Nach ,,Scream“ (1996) folgten ja zahlreiche Nachahmer, die sich allesamt mit ,,Freitag, der 13.“, ,,Halloween“ oder eben ,,Scream“ identifizieren. Mit ,,Final Destination“ kommt eine neue Innovation in an das angestaubte Teenie-Slasher-Genre, denn hier wird noch ein übernatürlicher Aspekt mit eingemischt. Und dieser Mix funktioniert!
Der Prolog mit dem Flugzeug, inwiefern man dies Prolog nennen kann, ist ziemlich lang geraten und stellt schon einen Großteil des kompletten Filmes dar. Der Film beginnt von Anfang an recht atmosphärisch und unterstreicht das mit entsprechenden Zooms auf verschiedene Gegenstände, dass es einem Angst und Bange wird (okay, vielleicht a bisserl übertrieben *gg*). Die erste Hälfte des Films konzentriert sich klar auf Mystery und die zweite dann auf das übliche Slasherprinzip, wenn auch ohne ,,richtigen Killer“. Denn der Tod tritt hier nicht als Person oder Gestalt in Erscheinung (wie etwa als Sensenmann, oder ähnliches), sondern man sieht immer nur die Auswirkungen. Auch scheint der Tod an gewisse Regeln gebunden zu sein, bzw. scheint seine Macht eingeschränkt zu sein, denn die Protagonisten müssen immer durch dumme Zufälle sterben. Der Tod hat also nicht die direkte Möglichkeit, jemanden sterben zu lassen, wenn dieser jemand seinen Plan durchkreuzt hat, sondern jedes Mal muss eine Verkettung unglücklicher Missstände zum Abgang führen.
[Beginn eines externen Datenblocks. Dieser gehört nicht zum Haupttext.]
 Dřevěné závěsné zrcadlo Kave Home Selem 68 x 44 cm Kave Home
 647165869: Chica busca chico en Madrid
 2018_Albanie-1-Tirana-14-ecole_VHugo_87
Beispiel hierfür wäre der Tod von Ms Newton. Nachdem sie ein Wasserglas auf den Computerbildschirm gestellt hat tropft Wasser hinein, es beginnt zu rauchen, sie geht näher hin und der Bildschirm explodiert. Deshalb hat sie eine Glasscherbe des Bildschirms im Hals stecken (so was kann mir mit meinem Flachbildschirm nicht passieren *gg*), usw.; oder als der eine Typ kurz nach der Sache mit dem Zug von einem umherfliegenden Blechteil geköpft wird. Also nicht nur ist alles so ,,zufällig“, sondern es bleibt auch die Logik sehr auf der Strecke, da man mit allem ,,Möglichem“ rechnen muss. Also wirken die Sterbeszenen teilweise schon recht trashig.
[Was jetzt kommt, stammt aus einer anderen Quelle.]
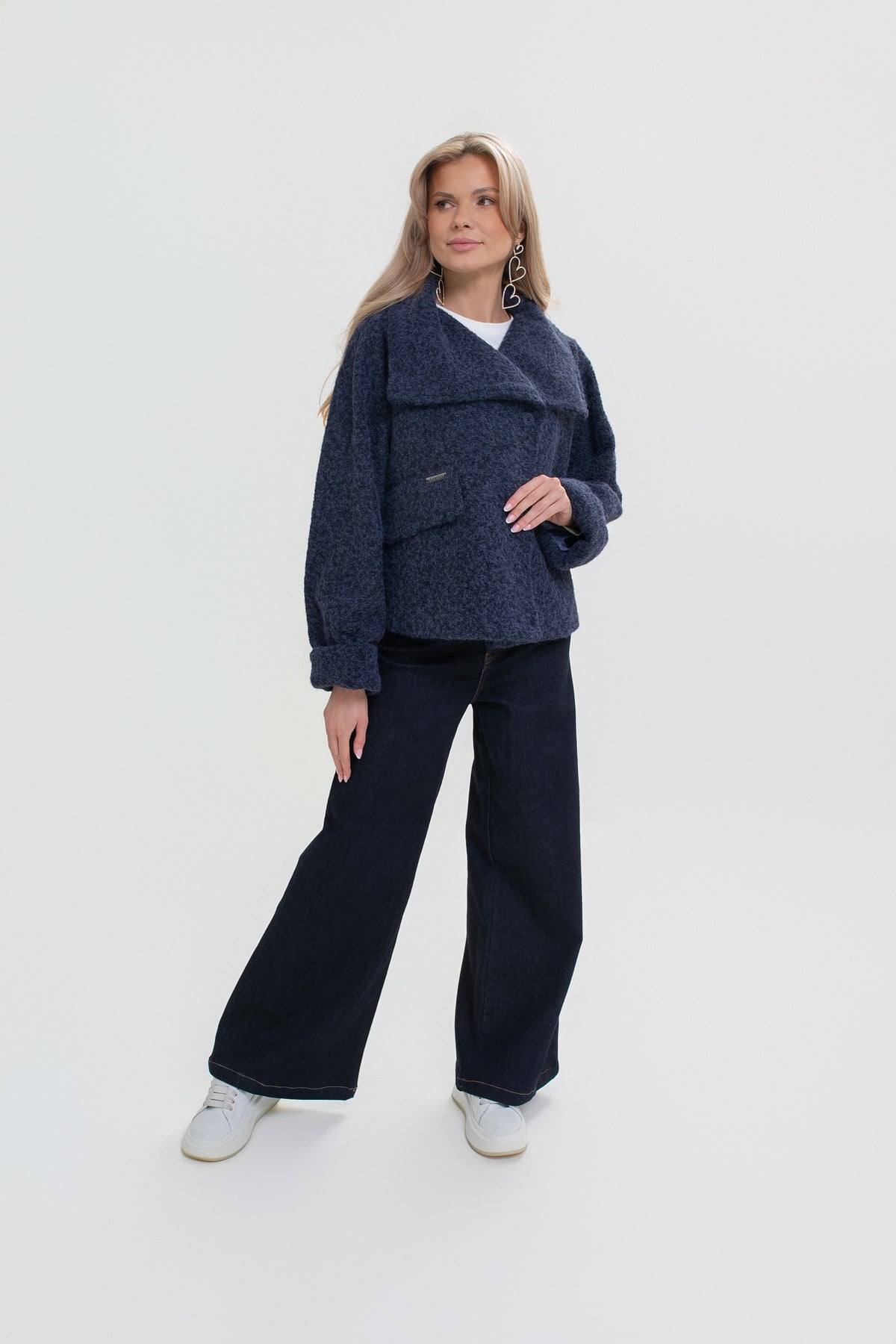 Kurtka damska z wysoką stójką i klapami – elegancka, kimono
Desweiteren kommen die Darsteller recht schnell hinter die Ereignisse. So verkündet der Bestatter, dass der Tod einen Plan hätte und sie doch aufpassen sollen; und Alex findet sofort heraus, wie die Todesreihenfolge seiner Freunde festgelegt ist, das geht alles etwas zu einfach. Doch die Schockszenen sind flott geschnitten und es wurde auf eine passende Musikunterlegung geachtet, das ist wirklich sehr gut gelungen.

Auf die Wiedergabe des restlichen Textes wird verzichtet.